(Records provided Opens)

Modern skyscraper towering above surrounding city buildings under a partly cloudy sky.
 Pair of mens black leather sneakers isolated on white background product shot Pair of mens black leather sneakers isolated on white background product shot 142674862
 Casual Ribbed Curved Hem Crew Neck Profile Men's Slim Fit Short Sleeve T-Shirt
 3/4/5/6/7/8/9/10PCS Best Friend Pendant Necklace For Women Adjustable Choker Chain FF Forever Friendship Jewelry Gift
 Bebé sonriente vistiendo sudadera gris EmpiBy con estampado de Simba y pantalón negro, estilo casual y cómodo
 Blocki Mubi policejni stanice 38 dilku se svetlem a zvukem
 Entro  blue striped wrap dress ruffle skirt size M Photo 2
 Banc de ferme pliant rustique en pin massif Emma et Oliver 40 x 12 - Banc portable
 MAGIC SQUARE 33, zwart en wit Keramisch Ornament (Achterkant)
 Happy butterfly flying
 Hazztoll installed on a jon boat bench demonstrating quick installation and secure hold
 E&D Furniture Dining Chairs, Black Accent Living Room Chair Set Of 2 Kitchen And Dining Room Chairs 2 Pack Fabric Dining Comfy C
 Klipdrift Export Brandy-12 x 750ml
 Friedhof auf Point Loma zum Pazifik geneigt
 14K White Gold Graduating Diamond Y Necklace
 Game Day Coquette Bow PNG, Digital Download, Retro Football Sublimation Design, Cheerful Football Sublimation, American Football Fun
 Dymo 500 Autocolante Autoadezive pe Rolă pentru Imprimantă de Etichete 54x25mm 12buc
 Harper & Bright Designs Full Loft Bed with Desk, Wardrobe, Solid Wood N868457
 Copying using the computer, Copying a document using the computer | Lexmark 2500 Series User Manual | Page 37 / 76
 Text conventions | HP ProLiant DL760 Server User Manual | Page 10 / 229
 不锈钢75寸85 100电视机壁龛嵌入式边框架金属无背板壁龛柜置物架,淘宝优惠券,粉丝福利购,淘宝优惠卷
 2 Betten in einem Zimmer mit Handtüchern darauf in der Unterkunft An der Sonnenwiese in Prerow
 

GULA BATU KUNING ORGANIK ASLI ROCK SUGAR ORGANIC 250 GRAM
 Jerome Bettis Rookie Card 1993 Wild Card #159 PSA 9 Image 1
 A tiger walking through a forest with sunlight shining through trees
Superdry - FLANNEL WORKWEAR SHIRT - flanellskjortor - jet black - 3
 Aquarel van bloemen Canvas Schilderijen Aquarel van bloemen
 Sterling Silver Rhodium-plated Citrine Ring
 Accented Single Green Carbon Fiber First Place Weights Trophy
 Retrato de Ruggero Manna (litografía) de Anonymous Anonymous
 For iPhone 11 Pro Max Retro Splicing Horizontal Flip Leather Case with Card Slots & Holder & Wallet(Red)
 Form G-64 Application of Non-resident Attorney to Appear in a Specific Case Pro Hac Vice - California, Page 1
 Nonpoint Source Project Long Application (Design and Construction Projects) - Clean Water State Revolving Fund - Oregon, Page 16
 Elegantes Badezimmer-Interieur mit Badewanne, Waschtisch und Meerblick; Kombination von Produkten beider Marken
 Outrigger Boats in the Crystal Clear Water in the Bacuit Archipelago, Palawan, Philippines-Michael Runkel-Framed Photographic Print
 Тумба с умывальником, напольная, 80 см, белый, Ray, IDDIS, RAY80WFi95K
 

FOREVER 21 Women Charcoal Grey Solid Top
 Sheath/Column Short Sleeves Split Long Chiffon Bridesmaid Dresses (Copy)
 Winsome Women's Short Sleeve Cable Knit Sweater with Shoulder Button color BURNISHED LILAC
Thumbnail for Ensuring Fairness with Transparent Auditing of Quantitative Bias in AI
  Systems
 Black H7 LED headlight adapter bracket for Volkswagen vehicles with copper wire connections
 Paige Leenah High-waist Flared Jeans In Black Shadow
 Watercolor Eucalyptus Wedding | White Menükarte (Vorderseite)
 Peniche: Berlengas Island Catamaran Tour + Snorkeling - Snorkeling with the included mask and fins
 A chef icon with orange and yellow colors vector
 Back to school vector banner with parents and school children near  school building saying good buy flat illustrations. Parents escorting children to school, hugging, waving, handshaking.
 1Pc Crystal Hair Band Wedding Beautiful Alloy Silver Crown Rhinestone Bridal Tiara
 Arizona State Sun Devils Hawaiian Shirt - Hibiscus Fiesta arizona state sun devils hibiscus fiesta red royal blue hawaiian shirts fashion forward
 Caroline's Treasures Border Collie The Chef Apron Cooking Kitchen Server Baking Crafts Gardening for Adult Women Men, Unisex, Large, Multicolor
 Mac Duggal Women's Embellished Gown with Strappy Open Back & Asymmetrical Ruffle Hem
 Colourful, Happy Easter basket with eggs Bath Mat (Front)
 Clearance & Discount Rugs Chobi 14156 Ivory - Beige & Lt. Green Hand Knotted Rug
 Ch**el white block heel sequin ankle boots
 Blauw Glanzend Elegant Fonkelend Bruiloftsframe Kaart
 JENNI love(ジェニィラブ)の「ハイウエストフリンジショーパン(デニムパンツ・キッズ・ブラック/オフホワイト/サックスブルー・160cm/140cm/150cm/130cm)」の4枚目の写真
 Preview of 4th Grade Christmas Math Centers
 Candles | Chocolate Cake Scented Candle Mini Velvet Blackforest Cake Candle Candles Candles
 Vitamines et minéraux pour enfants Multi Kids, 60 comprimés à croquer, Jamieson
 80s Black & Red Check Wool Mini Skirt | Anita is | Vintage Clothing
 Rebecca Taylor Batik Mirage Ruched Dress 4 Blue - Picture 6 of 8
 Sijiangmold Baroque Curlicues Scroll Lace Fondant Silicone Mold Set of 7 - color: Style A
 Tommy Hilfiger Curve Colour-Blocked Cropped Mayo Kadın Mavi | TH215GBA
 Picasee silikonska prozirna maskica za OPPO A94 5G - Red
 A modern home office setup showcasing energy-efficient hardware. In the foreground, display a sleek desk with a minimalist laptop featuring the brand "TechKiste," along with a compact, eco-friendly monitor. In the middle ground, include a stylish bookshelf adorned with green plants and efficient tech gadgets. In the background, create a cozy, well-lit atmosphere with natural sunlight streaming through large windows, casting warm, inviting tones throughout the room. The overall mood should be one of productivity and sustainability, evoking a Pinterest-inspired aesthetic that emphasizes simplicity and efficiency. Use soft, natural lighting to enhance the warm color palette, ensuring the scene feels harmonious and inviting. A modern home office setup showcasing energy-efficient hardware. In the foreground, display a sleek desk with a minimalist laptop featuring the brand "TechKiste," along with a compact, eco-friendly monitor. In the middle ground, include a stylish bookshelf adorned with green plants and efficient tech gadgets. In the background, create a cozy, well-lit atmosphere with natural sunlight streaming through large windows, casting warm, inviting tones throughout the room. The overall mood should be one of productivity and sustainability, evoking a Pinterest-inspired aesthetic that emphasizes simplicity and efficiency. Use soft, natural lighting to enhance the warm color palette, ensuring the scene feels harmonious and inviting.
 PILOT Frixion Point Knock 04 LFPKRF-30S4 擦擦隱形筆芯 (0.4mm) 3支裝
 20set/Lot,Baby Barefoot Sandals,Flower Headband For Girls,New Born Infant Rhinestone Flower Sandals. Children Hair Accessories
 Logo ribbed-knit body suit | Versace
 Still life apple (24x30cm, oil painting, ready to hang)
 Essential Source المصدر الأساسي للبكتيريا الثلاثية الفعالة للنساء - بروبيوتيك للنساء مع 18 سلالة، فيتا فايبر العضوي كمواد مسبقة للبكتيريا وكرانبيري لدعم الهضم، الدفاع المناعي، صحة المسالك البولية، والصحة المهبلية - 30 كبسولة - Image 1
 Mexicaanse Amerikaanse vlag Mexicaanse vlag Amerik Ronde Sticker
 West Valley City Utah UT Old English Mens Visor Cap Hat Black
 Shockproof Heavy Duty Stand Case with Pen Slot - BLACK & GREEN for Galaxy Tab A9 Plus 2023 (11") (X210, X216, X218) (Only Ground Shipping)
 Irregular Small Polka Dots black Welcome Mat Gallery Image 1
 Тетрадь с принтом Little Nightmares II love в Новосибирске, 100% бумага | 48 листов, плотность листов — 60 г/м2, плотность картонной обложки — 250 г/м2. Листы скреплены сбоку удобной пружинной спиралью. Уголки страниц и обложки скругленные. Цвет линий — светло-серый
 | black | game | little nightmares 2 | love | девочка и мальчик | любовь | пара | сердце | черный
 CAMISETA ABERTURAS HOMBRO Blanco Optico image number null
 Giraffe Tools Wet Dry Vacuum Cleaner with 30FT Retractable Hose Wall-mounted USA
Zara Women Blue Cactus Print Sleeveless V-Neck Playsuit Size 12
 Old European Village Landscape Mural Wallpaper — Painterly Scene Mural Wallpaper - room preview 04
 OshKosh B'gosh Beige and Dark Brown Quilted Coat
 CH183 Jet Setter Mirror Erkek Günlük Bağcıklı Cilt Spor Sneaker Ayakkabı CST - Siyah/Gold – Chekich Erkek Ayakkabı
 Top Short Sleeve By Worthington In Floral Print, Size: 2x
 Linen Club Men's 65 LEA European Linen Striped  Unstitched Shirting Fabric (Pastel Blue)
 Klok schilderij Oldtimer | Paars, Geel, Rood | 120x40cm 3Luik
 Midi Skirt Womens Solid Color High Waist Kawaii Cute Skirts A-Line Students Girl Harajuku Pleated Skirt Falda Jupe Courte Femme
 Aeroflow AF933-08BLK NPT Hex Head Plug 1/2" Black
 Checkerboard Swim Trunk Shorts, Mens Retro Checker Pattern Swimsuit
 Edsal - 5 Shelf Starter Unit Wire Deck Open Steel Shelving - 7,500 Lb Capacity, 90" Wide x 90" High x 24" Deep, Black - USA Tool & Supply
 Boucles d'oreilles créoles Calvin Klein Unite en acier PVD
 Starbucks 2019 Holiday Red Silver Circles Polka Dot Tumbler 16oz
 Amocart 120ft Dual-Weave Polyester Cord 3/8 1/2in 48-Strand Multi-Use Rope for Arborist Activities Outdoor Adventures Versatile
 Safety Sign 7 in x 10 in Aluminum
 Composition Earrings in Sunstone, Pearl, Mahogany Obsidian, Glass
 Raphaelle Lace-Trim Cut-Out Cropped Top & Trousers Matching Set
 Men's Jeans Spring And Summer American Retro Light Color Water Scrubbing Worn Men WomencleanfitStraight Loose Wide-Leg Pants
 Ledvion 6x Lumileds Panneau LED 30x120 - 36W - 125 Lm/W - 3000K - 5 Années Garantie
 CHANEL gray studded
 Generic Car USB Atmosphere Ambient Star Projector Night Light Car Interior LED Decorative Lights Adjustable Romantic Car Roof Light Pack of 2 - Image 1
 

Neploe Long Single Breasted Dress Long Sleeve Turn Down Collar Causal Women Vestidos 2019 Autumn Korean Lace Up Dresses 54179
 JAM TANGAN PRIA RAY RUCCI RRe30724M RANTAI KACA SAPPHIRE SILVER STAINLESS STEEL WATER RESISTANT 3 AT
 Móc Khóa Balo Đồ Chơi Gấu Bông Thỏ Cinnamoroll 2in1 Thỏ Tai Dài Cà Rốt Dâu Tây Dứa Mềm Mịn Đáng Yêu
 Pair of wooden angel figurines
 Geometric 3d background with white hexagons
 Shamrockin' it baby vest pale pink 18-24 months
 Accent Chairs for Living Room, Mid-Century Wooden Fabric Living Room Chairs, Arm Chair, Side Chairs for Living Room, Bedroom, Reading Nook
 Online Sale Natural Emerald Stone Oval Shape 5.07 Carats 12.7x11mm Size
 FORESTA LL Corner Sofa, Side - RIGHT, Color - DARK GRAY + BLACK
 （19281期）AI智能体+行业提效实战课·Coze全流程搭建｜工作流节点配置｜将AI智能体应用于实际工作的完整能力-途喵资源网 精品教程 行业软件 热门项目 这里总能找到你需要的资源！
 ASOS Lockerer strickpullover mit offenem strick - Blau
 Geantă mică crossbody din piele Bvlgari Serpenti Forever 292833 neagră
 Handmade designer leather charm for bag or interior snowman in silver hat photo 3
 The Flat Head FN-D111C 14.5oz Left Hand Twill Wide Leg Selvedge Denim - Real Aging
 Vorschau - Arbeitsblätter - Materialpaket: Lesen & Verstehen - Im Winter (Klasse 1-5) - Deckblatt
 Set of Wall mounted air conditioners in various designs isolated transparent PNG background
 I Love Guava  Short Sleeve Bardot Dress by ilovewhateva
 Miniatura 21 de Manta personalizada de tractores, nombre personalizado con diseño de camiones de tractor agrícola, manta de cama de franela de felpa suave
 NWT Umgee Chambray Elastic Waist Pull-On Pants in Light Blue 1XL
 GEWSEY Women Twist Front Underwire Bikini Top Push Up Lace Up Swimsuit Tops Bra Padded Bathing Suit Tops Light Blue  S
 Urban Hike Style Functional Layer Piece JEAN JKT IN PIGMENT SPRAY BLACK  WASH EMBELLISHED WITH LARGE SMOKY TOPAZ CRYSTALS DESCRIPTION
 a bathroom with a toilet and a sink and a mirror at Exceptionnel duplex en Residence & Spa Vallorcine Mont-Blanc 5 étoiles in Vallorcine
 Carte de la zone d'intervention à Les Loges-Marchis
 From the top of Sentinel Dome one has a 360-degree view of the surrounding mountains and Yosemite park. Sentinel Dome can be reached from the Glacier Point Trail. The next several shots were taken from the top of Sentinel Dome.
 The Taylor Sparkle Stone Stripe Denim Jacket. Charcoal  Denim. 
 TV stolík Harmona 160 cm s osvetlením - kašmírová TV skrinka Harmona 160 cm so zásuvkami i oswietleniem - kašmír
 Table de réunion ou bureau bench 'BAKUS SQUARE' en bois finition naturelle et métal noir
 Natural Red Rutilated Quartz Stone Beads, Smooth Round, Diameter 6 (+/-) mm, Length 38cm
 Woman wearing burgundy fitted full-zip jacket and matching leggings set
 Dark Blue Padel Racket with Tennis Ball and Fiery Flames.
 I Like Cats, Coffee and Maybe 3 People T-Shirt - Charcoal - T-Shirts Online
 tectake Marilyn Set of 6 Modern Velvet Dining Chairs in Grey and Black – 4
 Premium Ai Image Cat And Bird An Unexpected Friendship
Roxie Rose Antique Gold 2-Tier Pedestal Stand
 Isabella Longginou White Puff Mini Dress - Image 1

(Records provided Closes)

Exercise objective – Set down, unchanged, only those lines above that fall between the line with "Men's Jeans Spring" and the line with "Handmade designer leather", the two end lines included.

Worked solution –
 Men's Jeans Spring And Summer American Retro Light Color Water Scrubbing Worn Men WomencleanfitStraight Loose Wide-Leg Pants
 Ledvion 6x Lumileds Panneau LED 30x120 - 36W - 125 Lm/W - 3000K - 5 Années Garantie
 CHANEL gray studded
 Generic Car USB Atmosphere Ambient Star Projector Night Light Car Interior LED Decorative Lights Adjustable Romantic Car Roof Light Pack of 2 - Image 1
 

Neploe Long Single Breasted Dress Long Sleeve Turn Down Collar Causal Women Vestidos 2019 Autumn Korean Lace Up Dresses 54179
 JAM TANGAN PRIA RAY RUCCI RRe30724M RANTAI KACA SAPPHIRE SILVER STAINLESS STEEL WATER RESISTANT 3 AT
 Móc Khóa Balo Đồ Chơi Gấu Bông Thỏ Cinnamoroll 2in1 Thỏ Tai Dài Cà Rốt Dâu Tây Dứa Mềm Mịn Đáng Yêu
 Pair of wooden angel figurines
 Geometric 3d background with white hexagons
 Shamrockin' it baby vest pale pink 18-24 months
 Accent Chairs for Living Room, Mid-Century Wooden Fabric Living Room Chairs, Arm Chair, Side Chairs for Living Room, Bedroom, Reading Nook
 Online Sale Natural Emerald Stone Oval Shape 5.07 Carats 12.7x11mm Size
 FORESTA LL Corner Sofa, Side - RIGHT, Color - DARK GRAY + BLACK
 （19281期）AI智能体+行业提效实战课·Coze全流程搭建｜工作流节点配置｜将AI智能体应用于实际工作的完整能力-途喵资源网 精品教程 行业软件 热门项目 这里总能找到你需要的资源！
 ASOS Lockerer strickpullover mit offenem strick - Blau
 Geantă mică crossbody din piele Bvlgari Serpenti Forever 292833 neagră
 Handmade designer leather charm for bag or interior snowman in silver hat photo 3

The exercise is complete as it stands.